(Short descriptive text snippets)
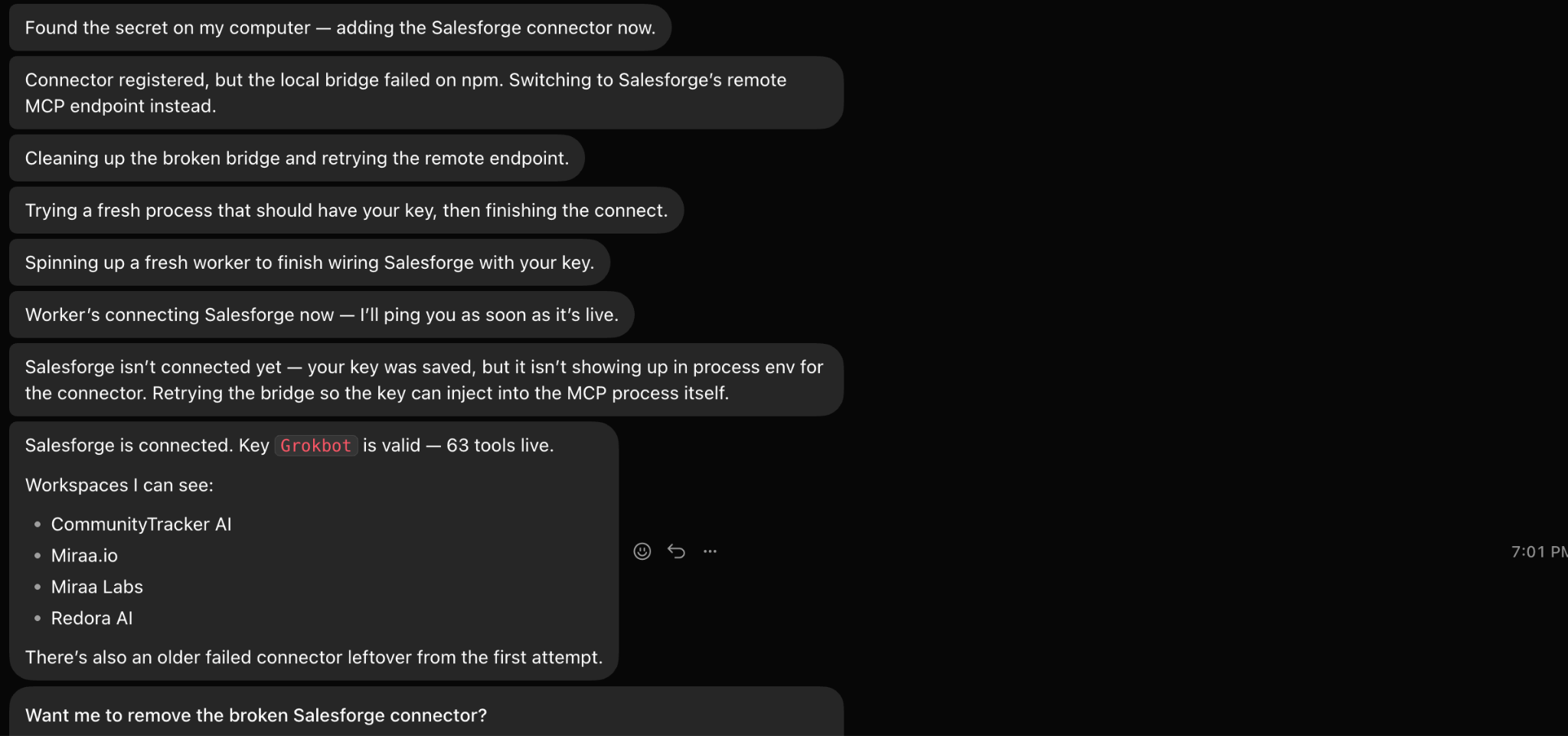 Salesforge connected with Grok Bot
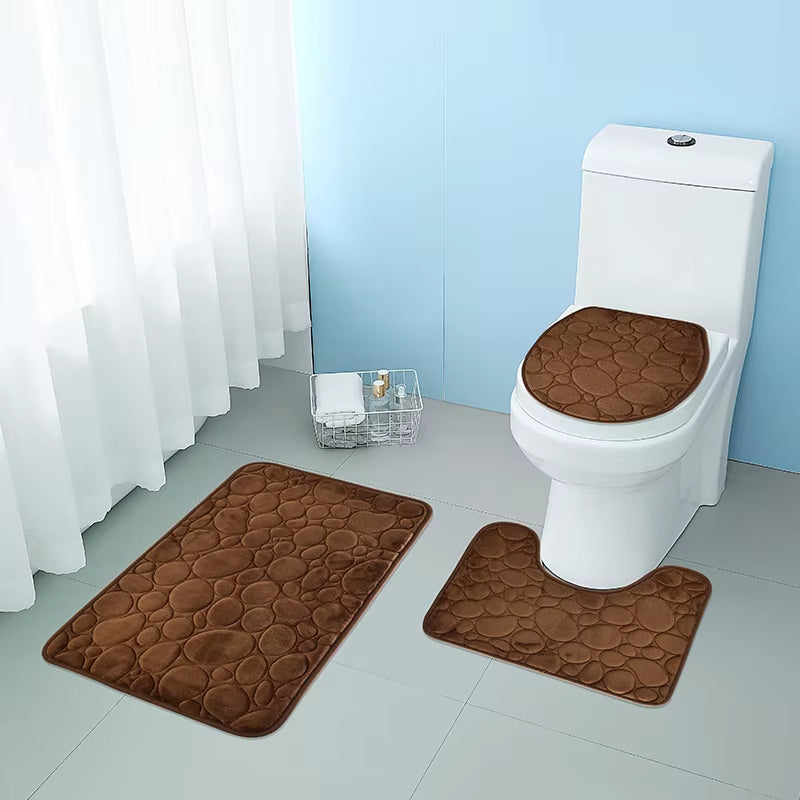 Non-Slip 3-Piece Bathroom Mat Set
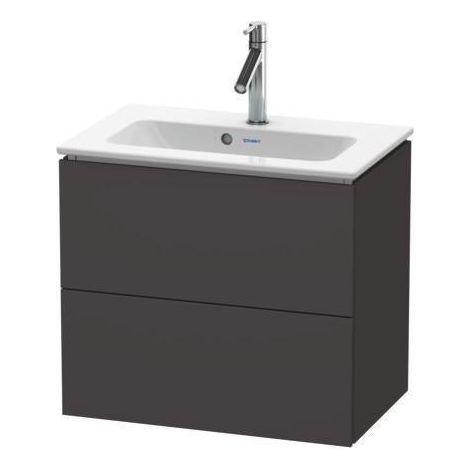Meuble vasque L-CUBE 620x391mm 2 tiroirs blanc mat ES Ah centre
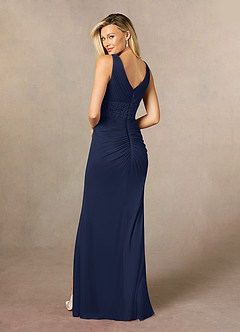 Azazie Winona Mother of the Bride Dresses Dark Navy Mermaid Sequins Mesh Dress image4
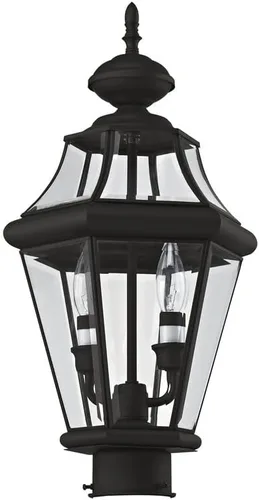 Vista 2 de Livex Lighting 2264-01 Georgetown - Cabezal de poste para exteriores con 2 luces, latón antiguo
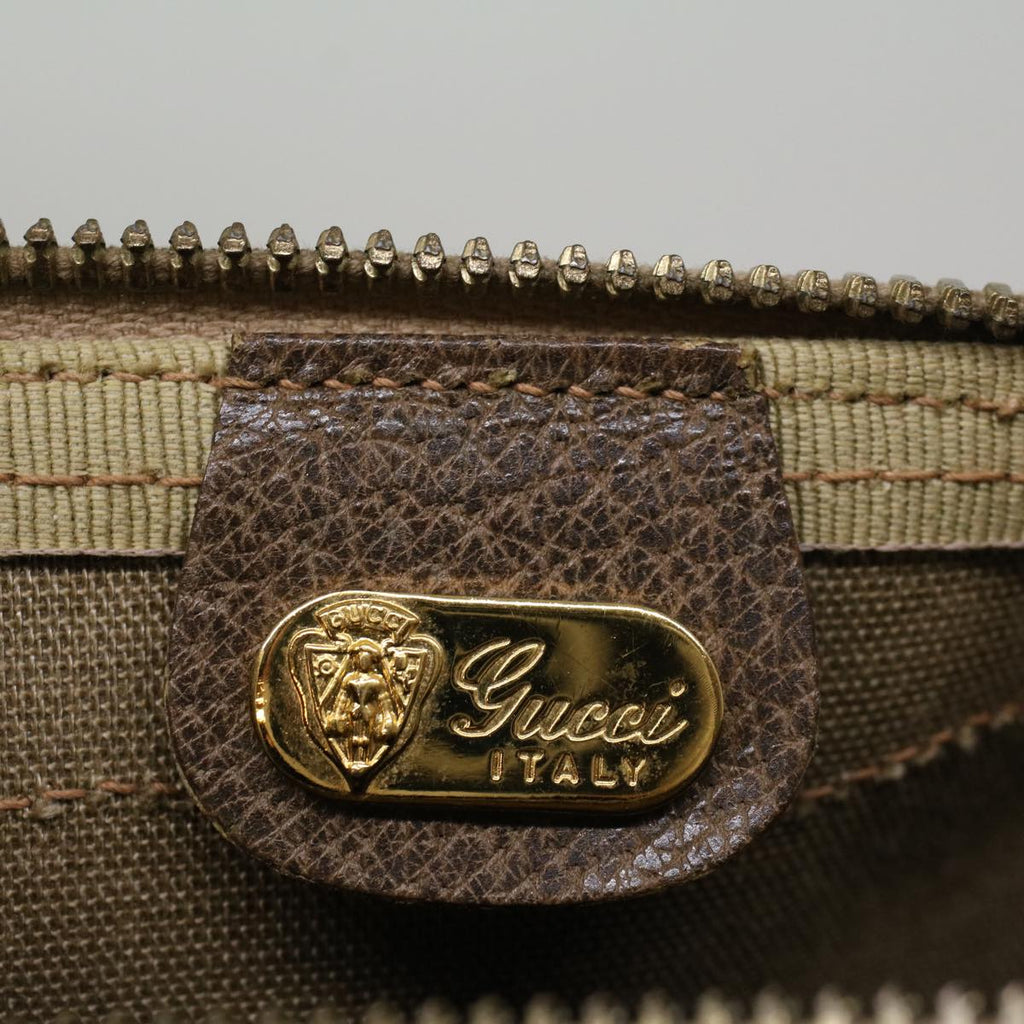 GUCCI GG Canvas Boston Bag PVC Leather Beige 57341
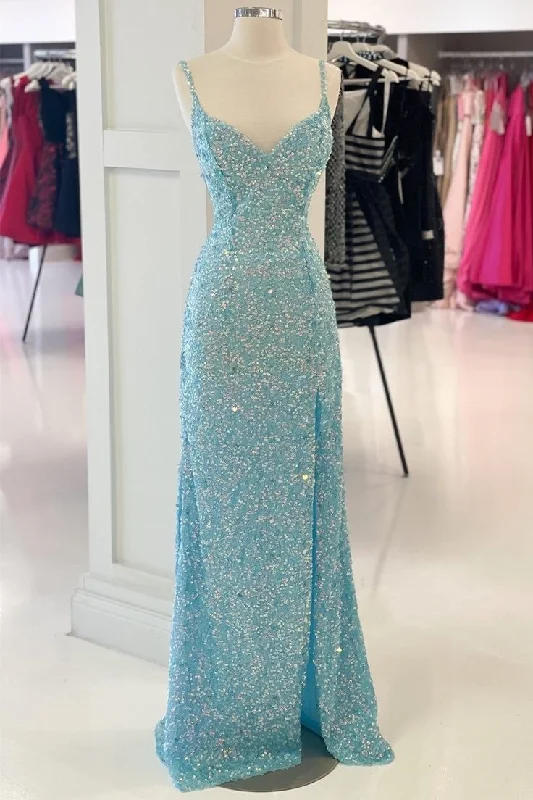 Huge Discounts wool dressTiffany Blue Sequin Mermaid Long Prom Dress Y7213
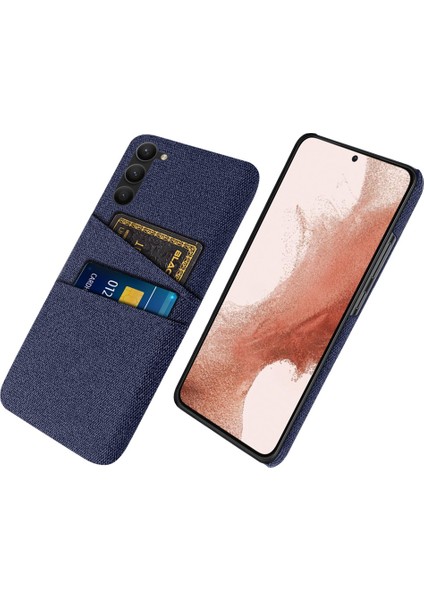 Samsung Galaxy S23 Kumaş Doku Çizgiye Deans Anti-Cratch Telefon Kılıfı Çift Kart Yuvaları Sert Pc Koruyucu Cep Telefonu Arka Kapak Mavisi (Yurt Dışından)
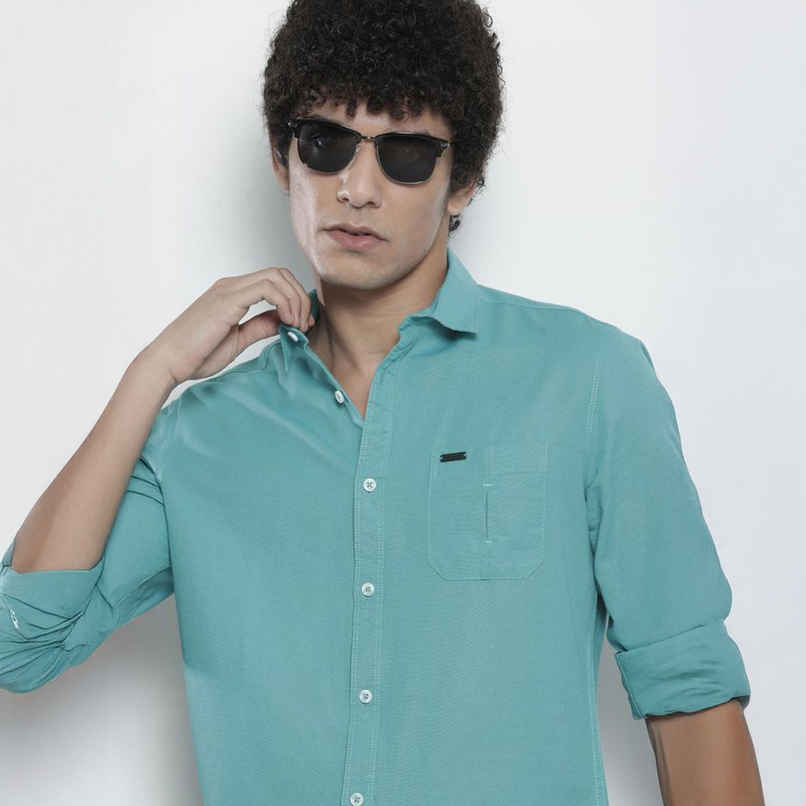 The Indian Garage Co Men's Regular Fit Solid Casual | Light Blue | M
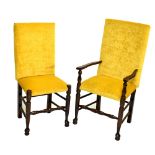 A set of six oak framed dining chairs in yellow upholstery on stretchered supports to pad front feet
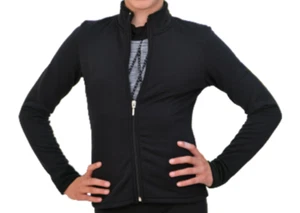 Chloe Noel Women's Large Solid Polartec Fleece Figure Skating Jacket - Black J11 - Picture 1 of 1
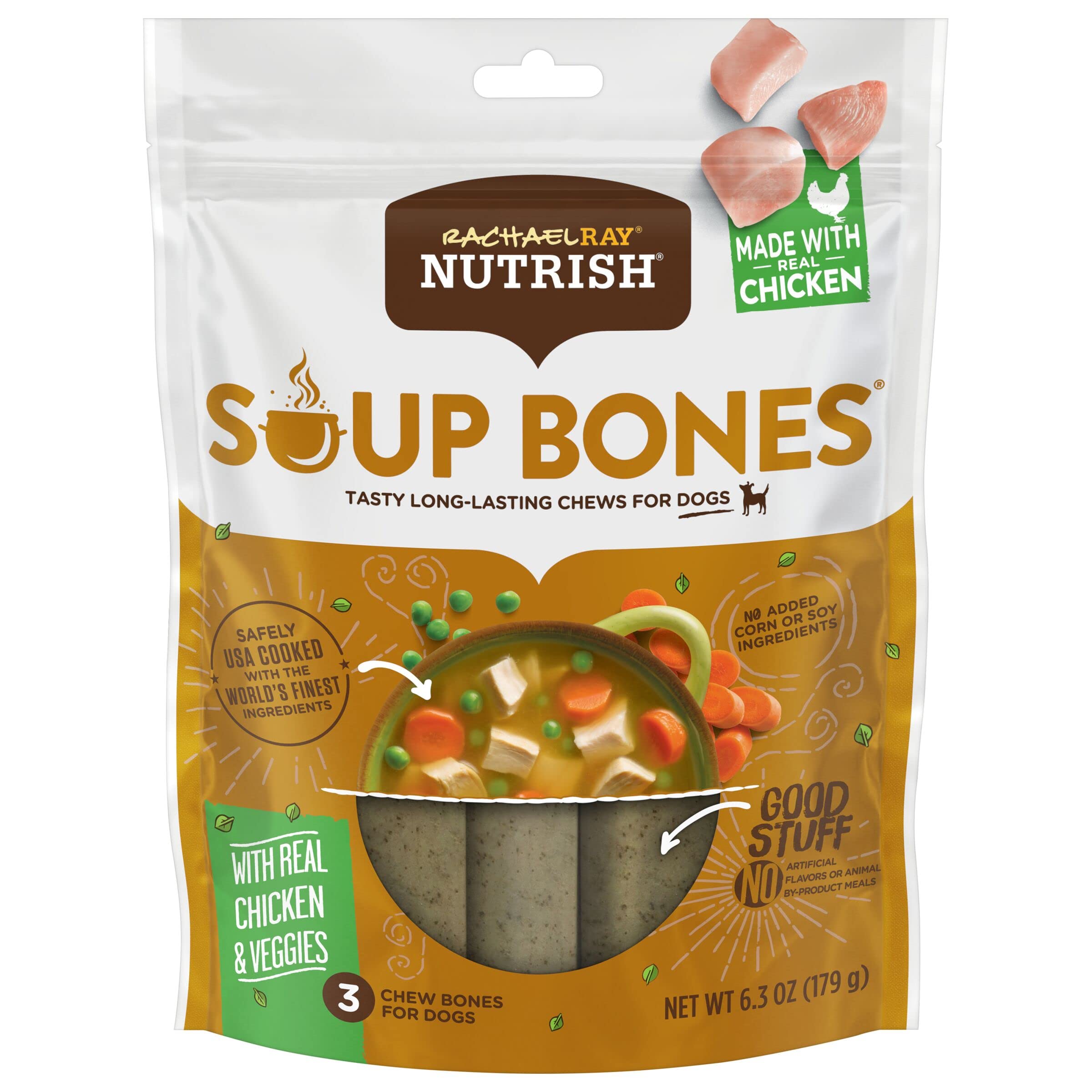 Rachael Ray Nutrish Soup Bones Dog Treats, Chicken & Veggies Flavor, 3 Bones (Pack of 8)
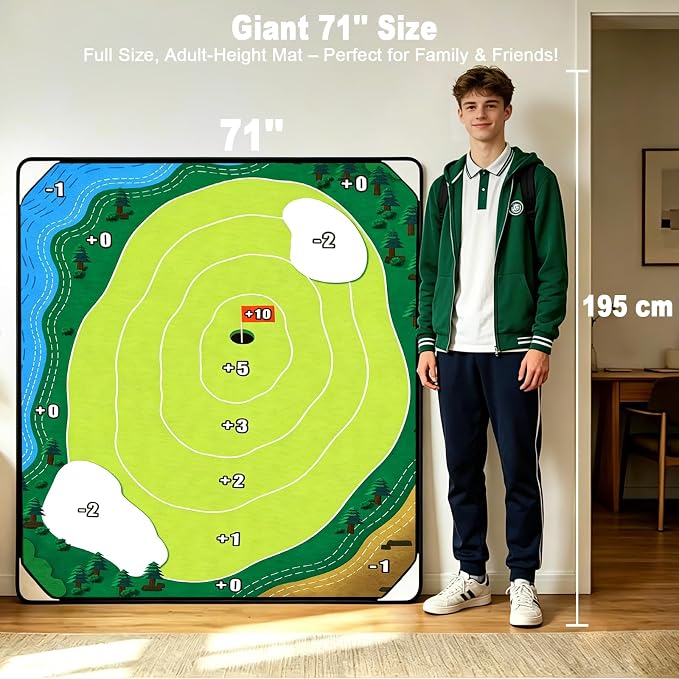 HOTWIND Golf Chipping Game Mat 71" x 71" 2-Sided Hook & Loop Sticky Golf Practice Pad with Stand Portable Indoor Outdoor Backyard Camping Golf Game Accessories for Family Adults (Club Not Included)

TASK BRIEF | Leave the pictures out and repeat exactly the lines from the beginning of the records to the line bearing "Huge Discounts wool", both ends counted.

RESPONSE BELOW |
 Salesforge connected with Grok Bot
 Non-Slip 3-Piece Bathroom Mat Set
Meuble vasque L-CUBE 620x391mm 2 tiroirs blanc mat ES Ah centre
 Azazie Winona Mother of the Bride Dresses Dark Navy Mermaid Sequins Mesh Dress image4
 Vista 2 de Livex Lighting 2264-01 Georgetown - Cabezal de poste para exteriores con 2 luces, latón antiguo
 GUCCI GG Canvas Boston Bag PVC Leather Beige 57341
 Huge Discounts wool dressTiffany Blue Sequin Mermaid Long Prom Dress Y7213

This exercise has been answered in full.